#### Aim of the task:
Reproduce exactly the lines from the one that holds "ഉത്രാളിക്കാവ് പൂരം" through the last line of the entries, both ends included, but not the pictures.

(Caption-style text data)
»»
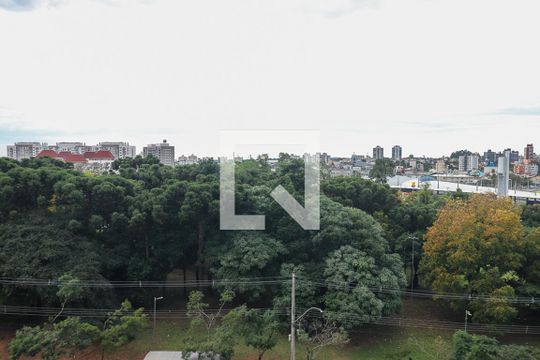 Vista Cozinha de apartamento à venda com 2 quartos, 56m² em São Sebastião, Porto Alegre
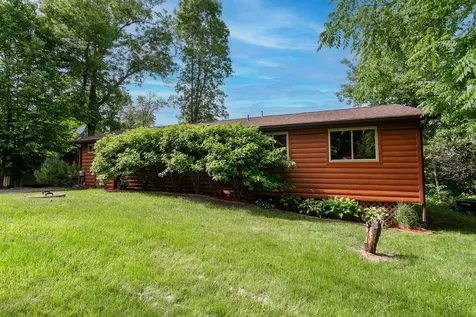 3849 Fanny Lake Road NE Cambridge MN 55008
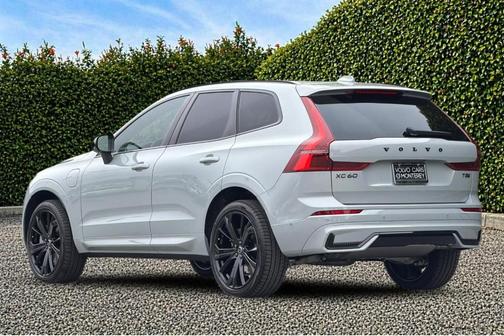Gray Metallic 2026 Volvo XC60 Plug-In Hybrid T8 Ultra Black Edition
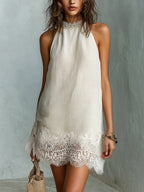 Vestido mini con estilo, escote en V de encaje, en un tono blanco roto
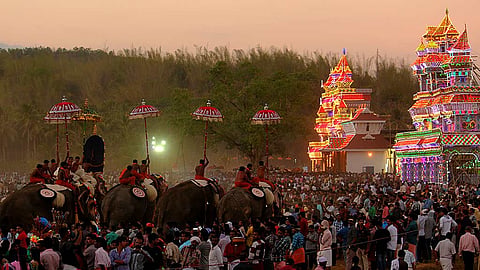 ഉത്രാളിക്കാവ് പൂരം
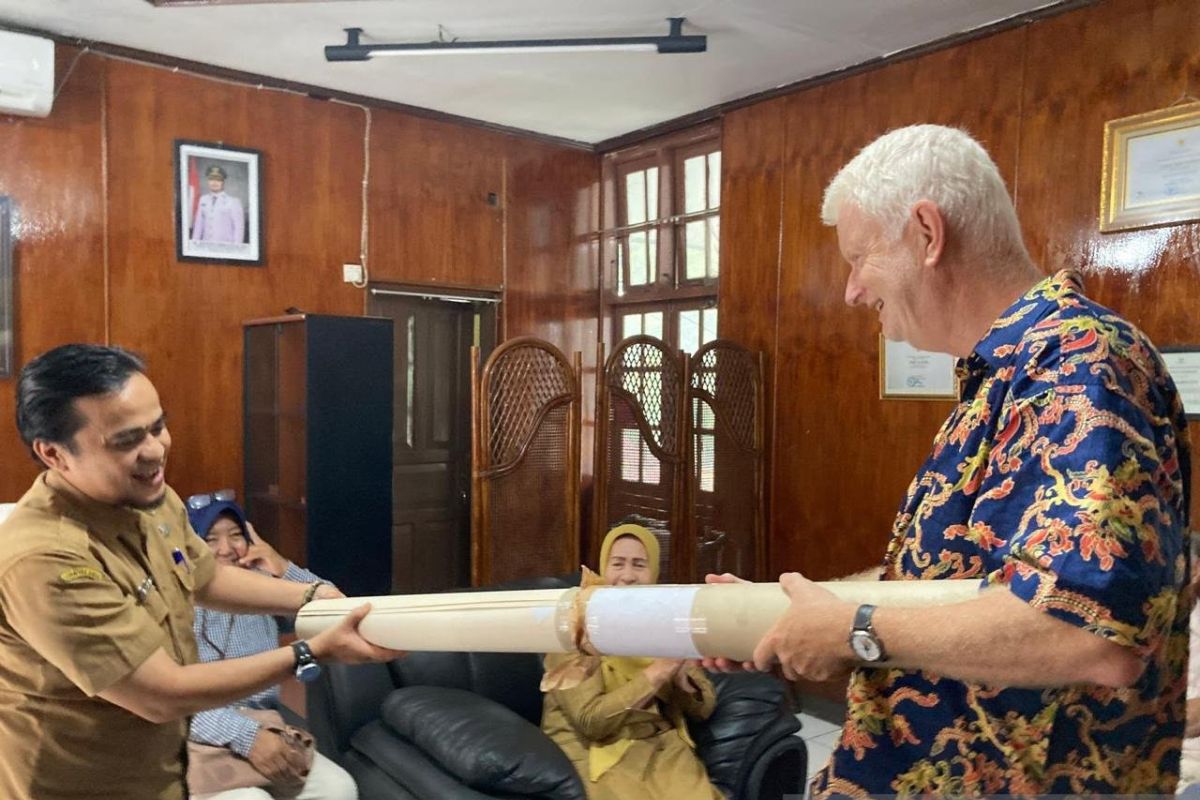 Peneliti Belanda serahkan foto tahun 1912 tentang sejarah Sawahlunto — NadiKabar.com
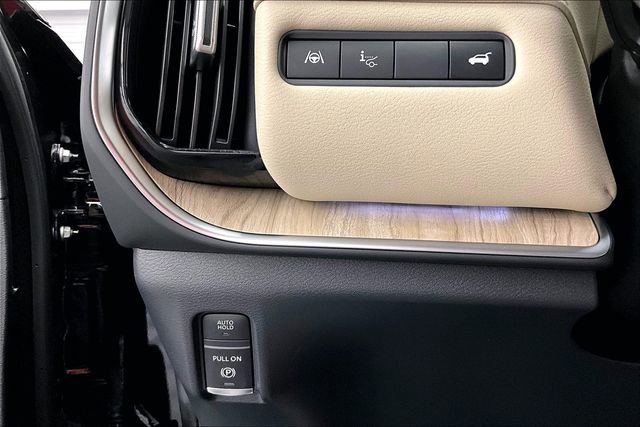 New 2025 Nissan Armada Platinum Reserve image 27
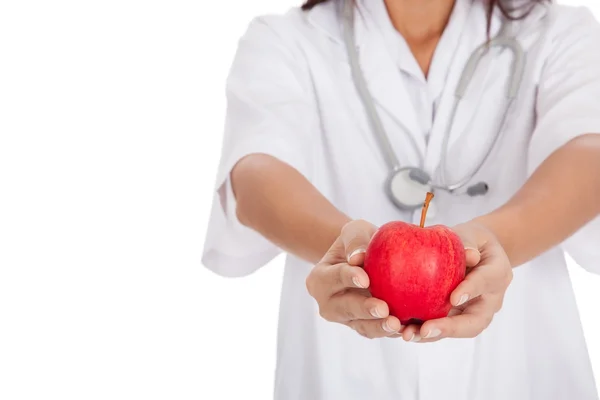 Young Asian female doctor show an apple — Stock Photo, Image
««
#### Result of this exercise:
 ഉത്രാളിക്കാവ് പൂരം
 Peneliti Belanda serahkan foto tahun 1912 tentang sejarah Sawahlunto — NadiKabar.com
 New 2025 Nissan Armada Platinum Reserve image 27
 Young Asian female doctor show an apple — Stock Photo, Image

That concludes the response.